Building a Video URL Canonicalization Pipeline in PHP 8.4 with SQLite

php dev.to

Three months ago I ran a sanity query against our production SQLite database and got an answer that made no sense: 41,283 rows in the videos table, but only about 29,000 distinct titles. We were not discovering 41,000 videos. We were discovering 29,000 videos and storing a third of them twice — sometimes four times — because the same YouTube video kept arriving under different URL shapes: youtu.be/dQw4w9WgXcQ from one regional feed, youtube.com/watch?v=dQw4w9WgXcQ&feature=share from another, m.youtube.com/watch?v=dQw4w9WgXcQ from a mobile-sourced list, and youtube.com/shorts/dQw4w9WgXcQ when the same upload trended as a Short. Four URLs, one video, four database rows, four near-identical public pages. Google Search Console was flagging hundreds of them as "Duplicate without user-selected canonical," which is GSC's polite way of telling you your crawl budget is on fire.

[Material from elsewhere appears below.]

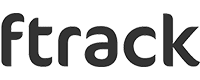 ftrack
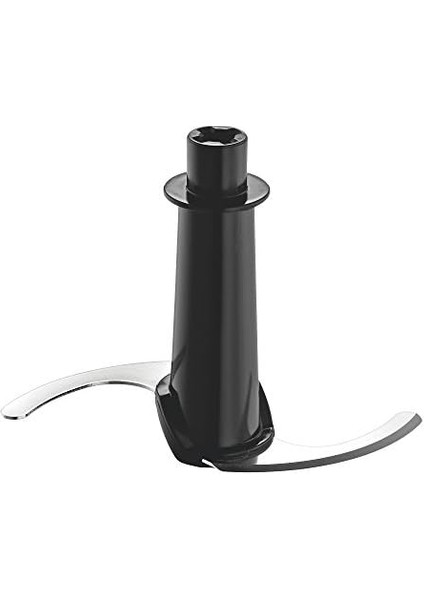 Kult x Doğrayıcı 1lt Cam fiyatları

I run TrendVidStream, a global video streaming discovery site that ingests trending data from eight regions on a staggered cron schedule. Every region is a separate fetch pass, every pass can surface the same globally viral video, and every upstream source formats its URLs slightly differently. This article walks through the canonicalization pipeline I built to fix the mess: how we extract a stable video ID from any URL variant, how we collapse duplicates at write time with SQLite UPSERTs, how we backfilled 41,000 existing rows without downtime, and the edge cases that only showed up in production. The stack is PHP 8.4 and SQLite with FTS5, deployed over plain FTP to shared LiteSpeed hosting. No Kubernetes, no Redis, no excuses.

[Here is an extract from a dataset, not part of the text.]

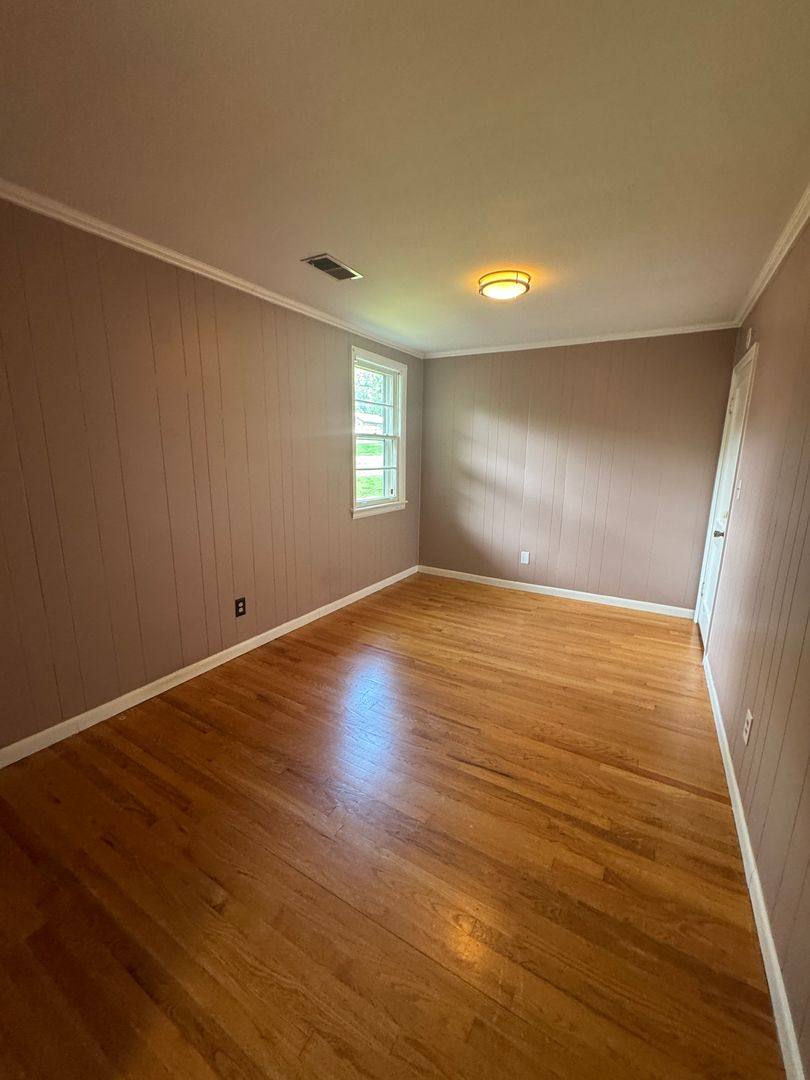 House for rent at 3351 Mimosa Dr, Nashville, TN 37211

Why the Same Video Arrives Under Six Different URLs

If you only ever consume the official Data API, you mostly get clean video IDs. The moment you ingest from more than one source type — trending feeds, RSS, sitemaps, scraped "related" lists, user submissions — you inherit the full zoo of YouTube URL formats:

  • https://www.youtube.com/watch?v=<id> — the classic desktop form, usually dragging &feature=, &si=, or &pp= tracking params behind it
  • https://youtu.be/<id> — the share-button short link, often with ?si=<share-token> appended
  • https://www.youtube.com/shorts/<id> — same 11-character ID, different path shape
  • https://www.youtube.com/embed/<id> and https://www.youtube-nocookie.com/embed/<id> — harvested from embedded players on third-party pages
  • https://m.youtube.com/watch?v=<id> and https://music.youtube.com/watch?v=<id> — host variants
  • https://www.youtube.com/live/<id> — live streams, which keep the same ID after the broadcast ends
  • https://www.youtube.com/attribution_link?u=%2Fwatch%3Fv%3D<id> — the truly cursed one, with a URL-encoded URL nested inside a query parameter

All of these point at the same underlying resource. The 11-character ID is the only stable identity. On a single-region site you might get away with naive string matching because one source tends to be internally consistent. On a multi-region pipeline you will not: our eight regional fetch passes run at different hours, hit different feed endpoints, and routinely surface the same viral video in five or six regions within the same day. Without canonicalization, every region writes its own row.

The Architecture in One Paragraph

The pipeline is five pure stages: extract (turn any URL variant into an 11-character video ID or reject it), normalize (build exactly one canonical source URL and one canonical internal path from that ID), validate (cheap syntactic checks before anything touches the database), upsert (one row per video ID, enforced by a UNIQUE constraint and an ON CONFLICT clause that merges region metadata instead of duplicating), and emit (canonical <link> tags plus 301 redirects so search engines converge on one URL per video). Each stage is a function with no side effects except the upsert, which makes the whole thing trivially testable and — more importantly for a cron-driven system — idempotent. Running the same regional fetch twice produces zero new rows.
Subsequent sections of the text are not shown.